The two practices previously collaborated on the design of the existing Melbourne Convention Centre, which was completed in 2009. The expansion is sited on what was previously a car park, located between the existing Melbourne Exhibition Centre, designed by Denton Corker Marshall and opened in 1996, and the South Wharf DFO shopping centre.
The expansion has created a central “hub”, which stitches together the exhibition centre, the existing convention centre and the new spaces.
This central hub space, which is accessible from all of the buildings that make up the facility, provides access to the new, 9,000-square-metre Exhibition Hall and features a covered, timber-decked courtyard that acts as an “integrated external space.”
Additionally, the project involved the creation of a new 20-storey hotel tower, also designed by NH Architecture and Woods Bagot. The tower sits atop a six-storey car park podium, with the car park linked to the extension with aerial bridges, separating pedestrians and vehicle traffic.
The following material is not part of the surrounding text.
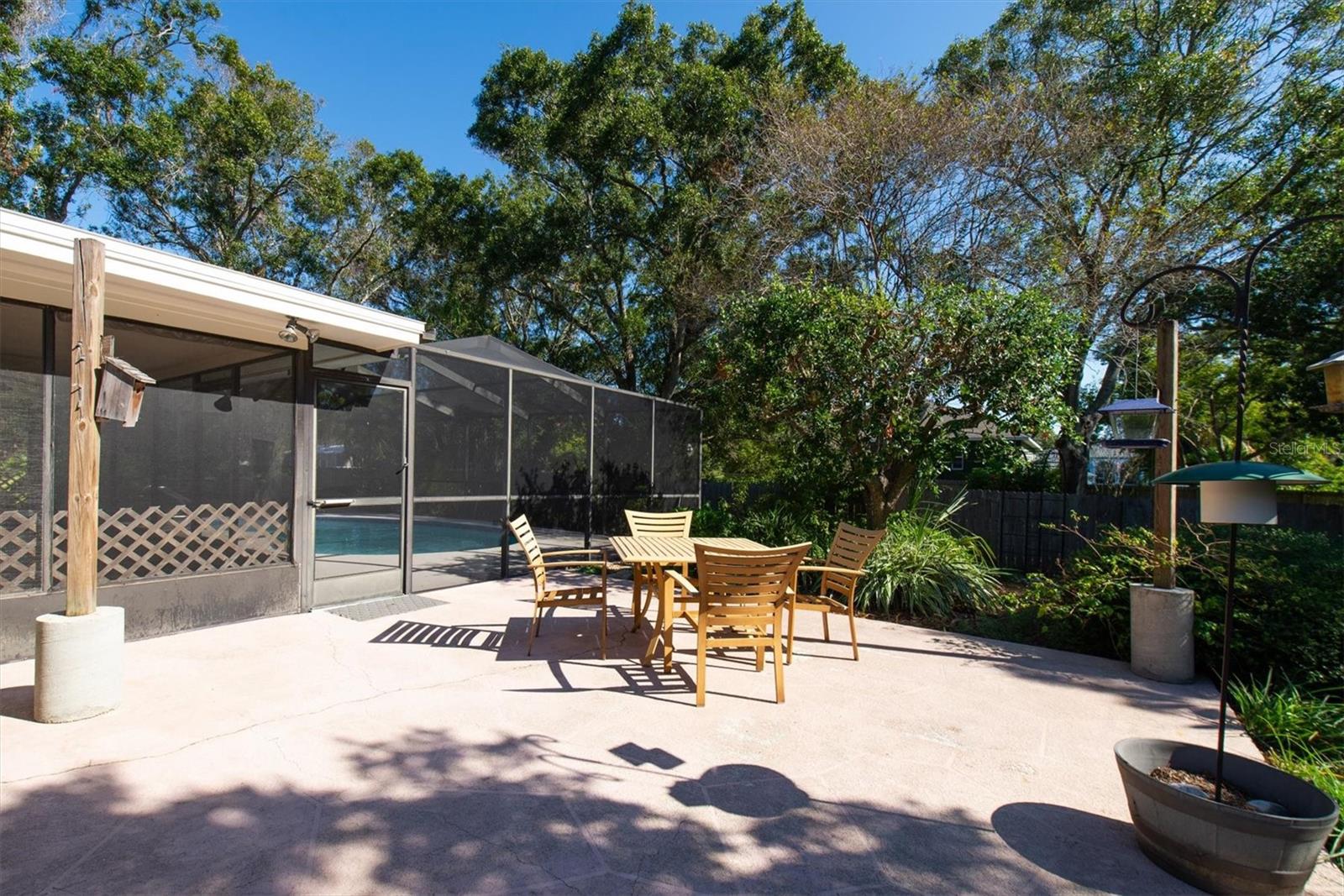 Image 41 of 58 For 513 Oakwood Boulevard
Hamish Lyon, NH Architecture’s director of architecture and design, said, “Architecture and design are at the very heart of the MCEC expansion, which is a continuation of the outstanding qualities of the existing building.”
Andy Gentry, Woods Bagot principal and project director, said, “The design resolution enables the commercial outcome. This is now a totally integrated precinct, a mix of world-class exhibition and meeting facilities with supporting infrastructure of a new hotel and carpark.”
“Whether a visitor is here for a one-hour meeting or a three-day conference, the experience is cohesive, and it feels part of the Melbourne culture.”
The design of the extension was unveiled by the Victorian government in 2016, with the government fully funding the $205 million project.